The content providing battle between MVPDs Comcast and Verizon gets more complicated as more details emerge about Comcast’s Watchable online video service.
Watchable, a direct competitor with Verizon’s imminent Go90 platform, had its demo briefly left up by engineers on Wednesday, so Variety poked around and revealed important details about Comcast’s bid for Millennials via streaming content.
Watchable, which is planned for release in “coming weeks” is a set-top streaming channel that will feature content from Comcast investments like Buzzfeed (in which the company recently invested $200 million), The Verge and Vox Media, and from outside content providers like Vice, Popsugar, iFood.tv, and Jukin Media, among others.

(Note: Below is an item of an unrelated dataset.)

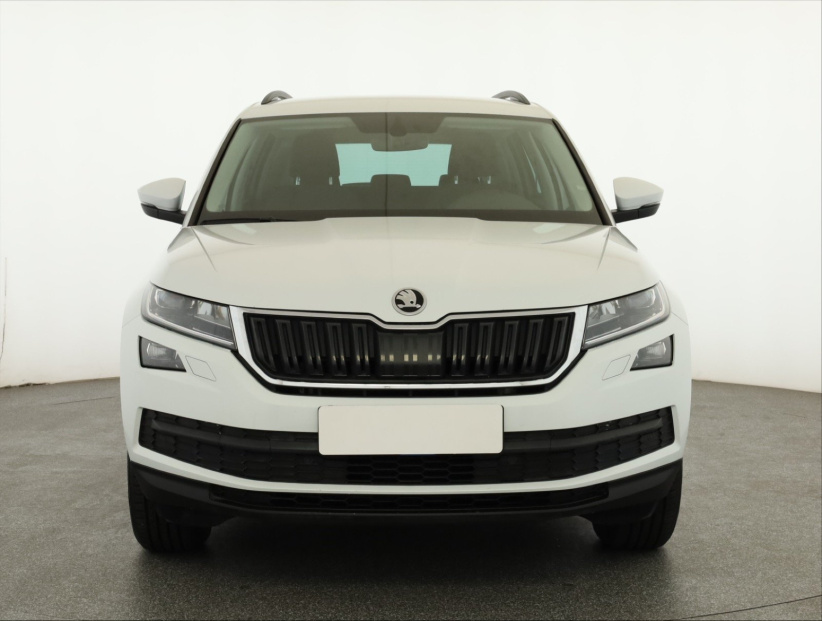 Škoda Kodiaq, 2017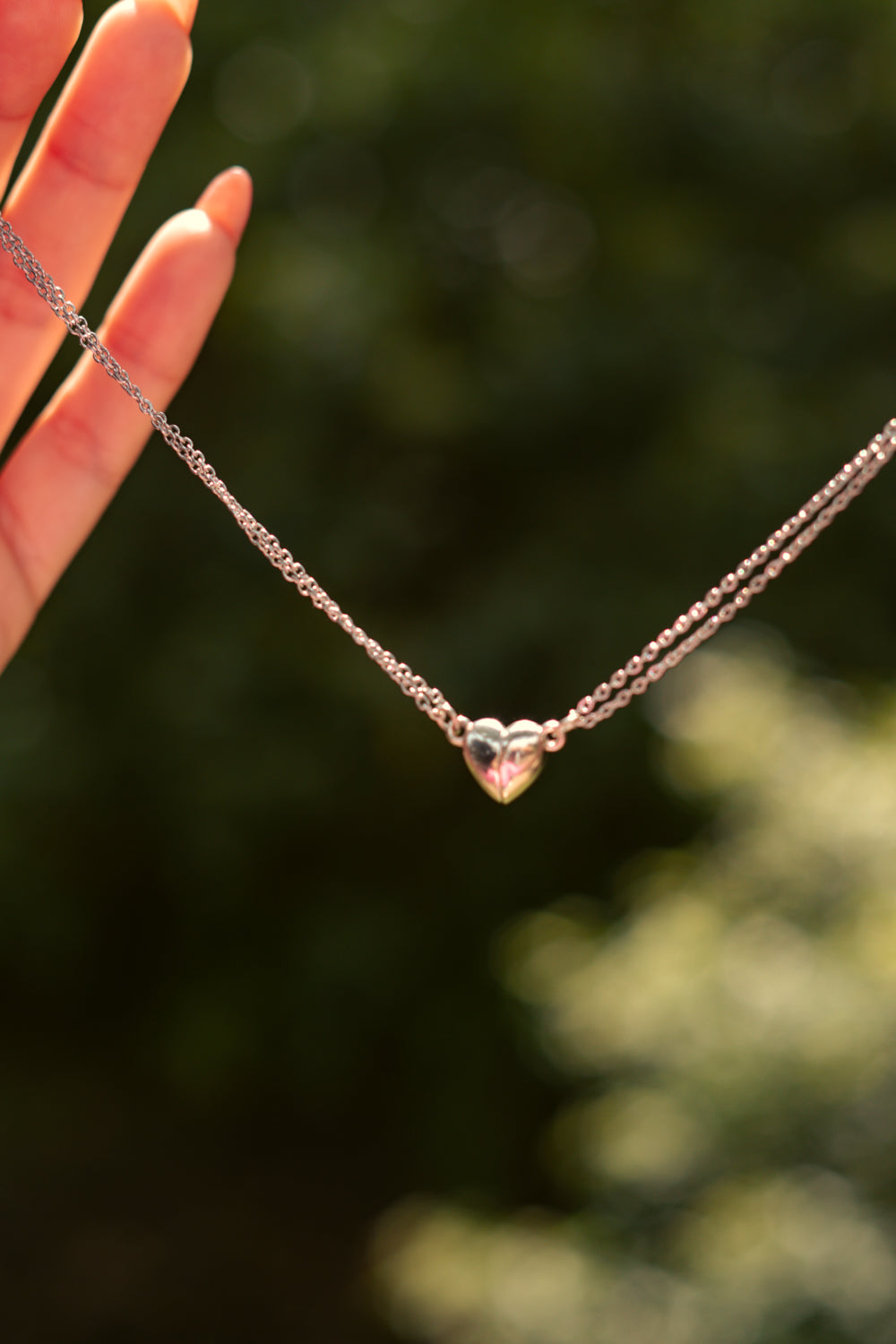 COLLAR HILOS DE AMOR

Eventual partnerships with the Onion and Fullscreen have been announced.
The crucial difference between Watchable and Go90 is that Watchable will be available entirely to the general public via a website, while subscribers can watch it on their set-top boxes and mobile apps. Go90 will be limited in its public-facing content, and unlimited only to Verizon subscribers.
Go90 seems set to beat Watchable to marketplace, however, as Go90 is rumored to launch “in the coming days.”
Watchable joins Comcast’s recent announcement of Stream, its subscription-based OTT live TV platform for Xfinity subscribers, in its bid to hold off video losses as viewers move away from traditional linear TV.